I bought this novel because it is set very near to places I grew up in Southern California. Specifically, the novel is set in Bombay Beach, next to the Salton Sea in Imperial County, California. The book catches the desolation of the place and of the people who live there in language of Sopheclean directness. My grandfather lived in the Imperial Valley from around 1900 until his death at 94 about thirty years ago & I spent many school vacations baking in the 100 degree heat. No landscape moves me as much as that of western Imperial County, with its bare mountains of tumbled rock descending to the sandy floor of the valley. It is surely among the poorest counties in the state, same as the one I live in now, in Northern New York — both are far from the center, affording people greater freedom (of a certain kind) as well as greater risks than wealthier, more settled places nearer the capitals. The greatest risk, perhaps, is loneliness.
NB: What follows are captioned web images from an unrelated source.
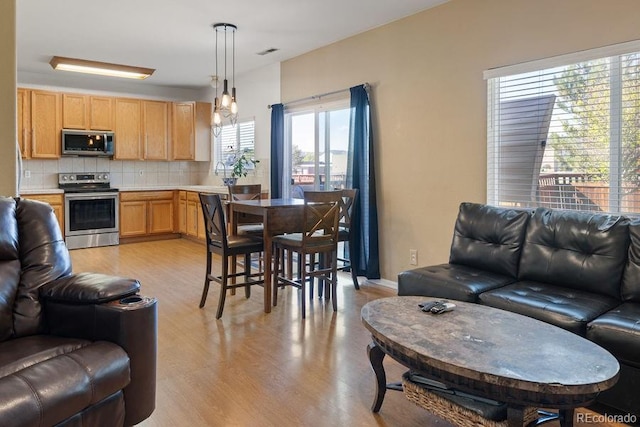 kitchen featuring pendant lighting, a healthy amount of sunlight, stainless steel appliances, and backsplash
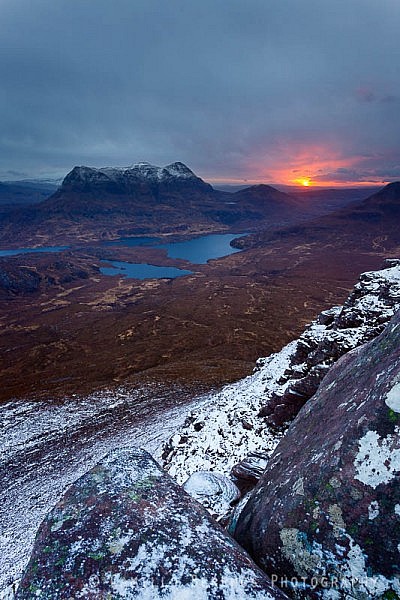 Cul Mor seen from the snow-covered slopes of Stac Pollaidh at sunrise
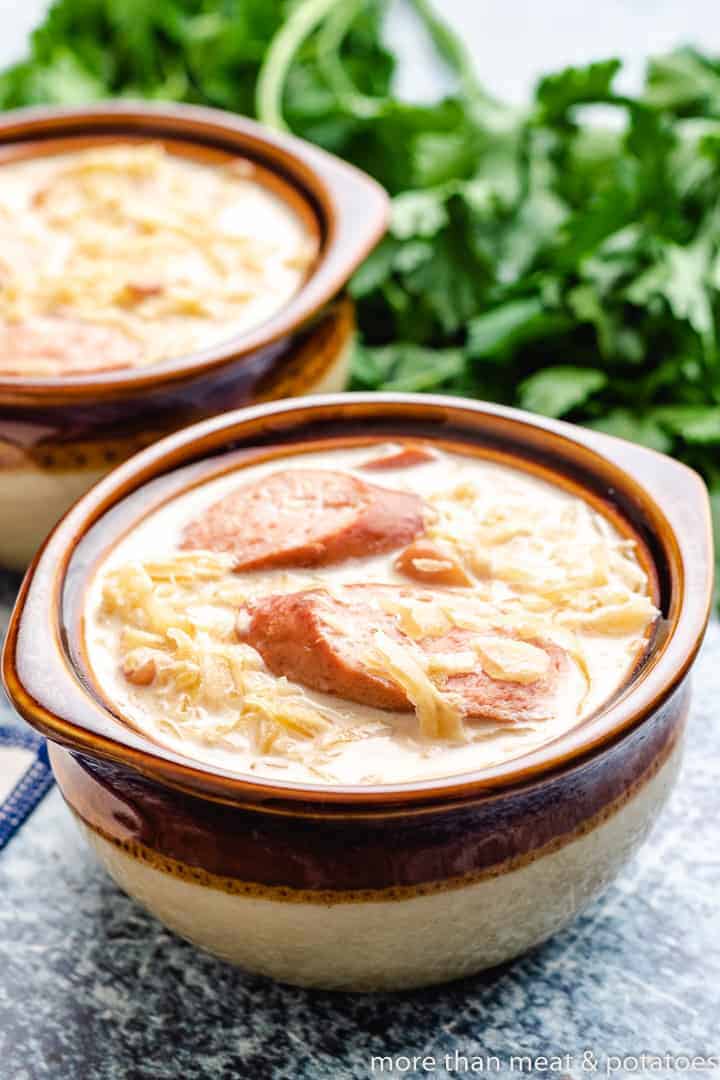 Two brown bowls filled with bean soup.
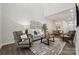 Bright open-concept living room features high ceilings and wood flooring at 3034 Finchborough Ct # 233, Charlotte, NC 28269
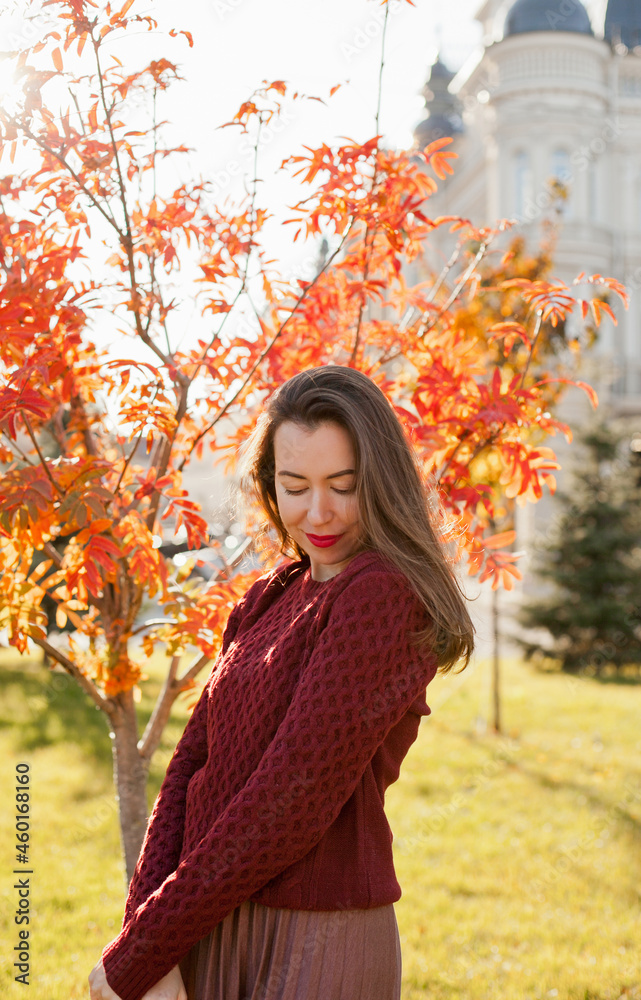 Beautiful woman in burgundy sweater walking in autumn park Beautiful woman in burgundy sweater walking in autumn park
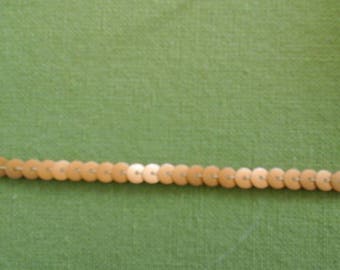 Vintage ribbon of half-centimetre matte gold sequins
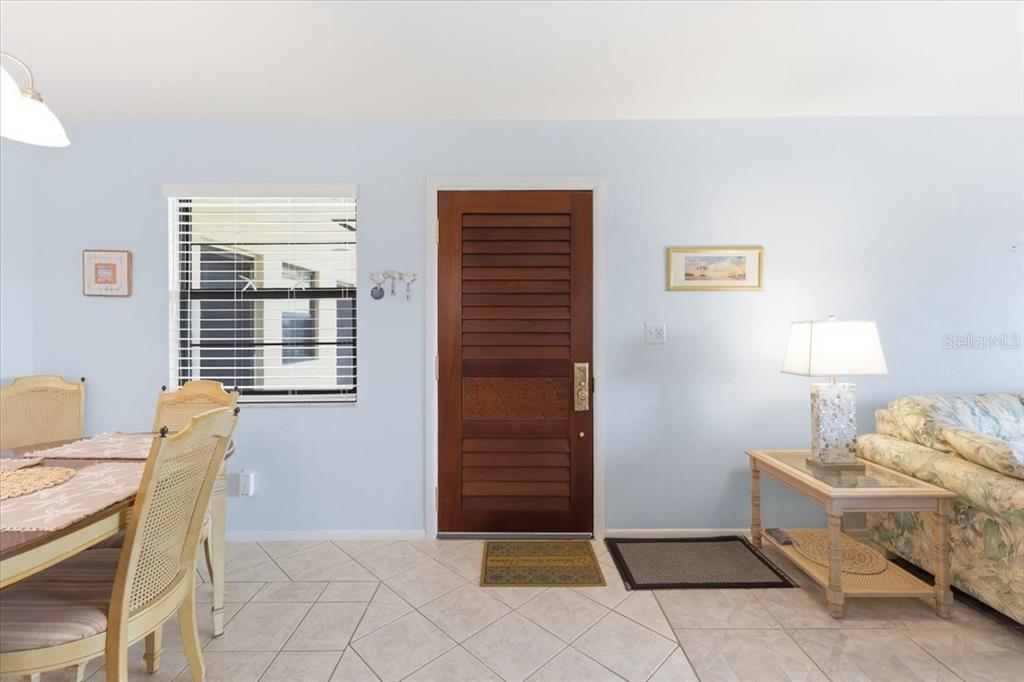 A dining and living area features light blue walls, tile flooring, and a wooden front door — 66 BOUNDARY BOULEVARD UNIT 233, ROTONDA WEST, FL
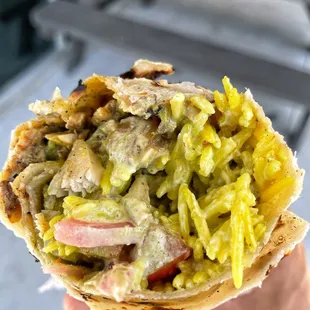 a hand holding a burrito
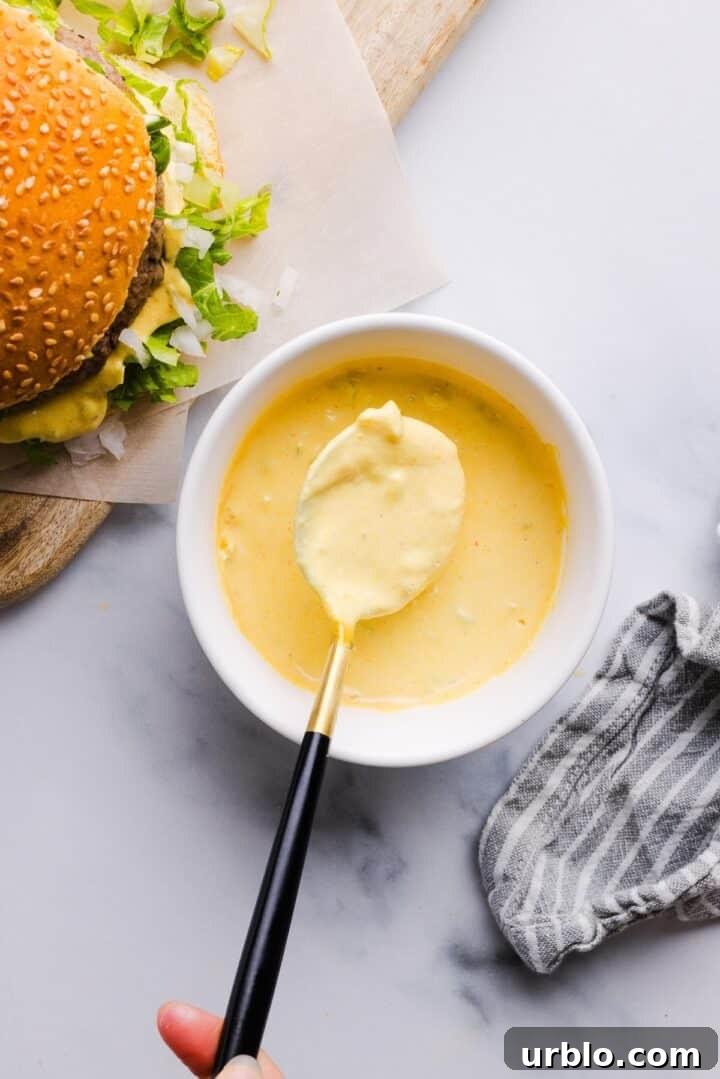 Overhead photo of burger sauce in a small white bowl, near a burger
Silver’s novel demonstrates what can be accomplished with the basic materials of realist narrative and style. The story is recounted by Ares, now an adult but recalling events that occurred when he was twelve. The plot is rigorously chronological and the prose limpid and without a hint of authorial narcissism. Ares and his younger half-brother Malcolm, who is severely autistic, live with their single mother in a trailer in Bombay Beach, on the Salton Sea. Laurel, the boys’ mother, has fled the pieties and restraints of a Midwestern childhood and come to rest in the desolation of Imperial County. The novel’s plot is too delicate a machine to summarize, but from the opening pages it is apparent that some terrible event will divide the characters’ lives into a stark before and an after. If the heroes of the Greek theater were doomed by the capricious but implacable decrees of the Gods, the ordinary people in this story are propelled toward their fates by the implacability of mere chance. But Ares, the god of war, discovers comes to rest in the strength bestowed by integrity — his mother’s, his brother’s, and his own.